All patents, patent applications, provisional applications, and publications referred to or cited herein are incorporated by reference in their entirety, including all figures and tables, to the extent they are not inconsistent with the explicit teachings of this specification. Other embodiments are set forth within the following claims.

Claims

1. A coating starch composition comprising a starch and a plasticizer, wherein said composition has a starch and plasticizer solids level of at least 40% dry solids basis.

2. The coating starch composition of claim 1, wherein said composition contains 1 part of a starch for each 1, 1.5, 2, 2.5, 3, 3.5, or 4 parts of a plasticizer.

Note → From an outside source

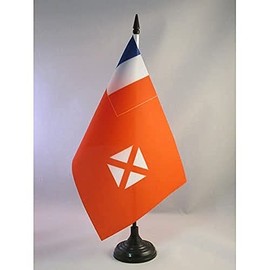 Wallis and Futuna Table Flag 5'' x 8'' - Wallisian - Futunan Desk Flag 21 x 14 cm - Black plastic stick and base - AZ FLAG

3. The coating composition of claim 1, where said plasticizer is a non-carbohydrate derived plasticizer, a carbohydrate derived plasticizer, or a mixture thereof.

4. The coating composition of claim 3, where said non-carbohydrate derived plasticizer is selected from urea, glycerin/glycerol, formamide, citric acid or other carboxylic acids, ethylene glycol, and a mixture of any two or more of the foregoing.

5. The coating composition of claim 3, where said carbohydrate derived plasticizer is (i) a sugar; (ii) a sucrose, a starch derived syrup, a maltodextrin, a dextrin, a sugar alcohol, or a mixture of any two or more of the foregoing; (iii) a starch derived syrup selected from a corn syrup, a low sugar syrup, dextrose, or a mixture of any two or more of the foregoing; (iv) a maltose corn syrup or a high fructose corn syrup; or (v) a sorbitol.

6. The coating composition of claim 5, wherein said starch derived syrup has a dextrose equivalency of about 20 to about 90, about 20 to about 100, about 40 to about 75, about 40 to about 70, about 40 to about 44, about 49 to about 55, about 53 or 53.

7. The coating starch composition of claim 1, wherein said plasticizer is a corn syrup selected from maltose corn syrup, high fructose corn syrup, and a mixture thereof.

8. The coating starch composition of claim 1, wherein the starch is a modified starch selected from a nonionic starch, an anionic starch, an amphoteric starch, an etherified starch, an acetylated starch, a sulfonated starch, and a mixture of any two or more of the foregoing:

optionally, wherein the starch is selected from corn starch, dent corn starch, waxy corn starch, wheat starch, potato starch, tapioca starch, pea starch, sorghum starch, manioc starch, sago starch, rice starch, and a mixture of any two or more of the foregoing.

9. (canceled)

10. A paper coating composition comprising the coating starch composition of claim 1, wherein said composition contains at least about 2%, from about 2% to about 30%, from about 2% to about 25%, from about 2% to about 22%, or from about 2% to about 10% starch.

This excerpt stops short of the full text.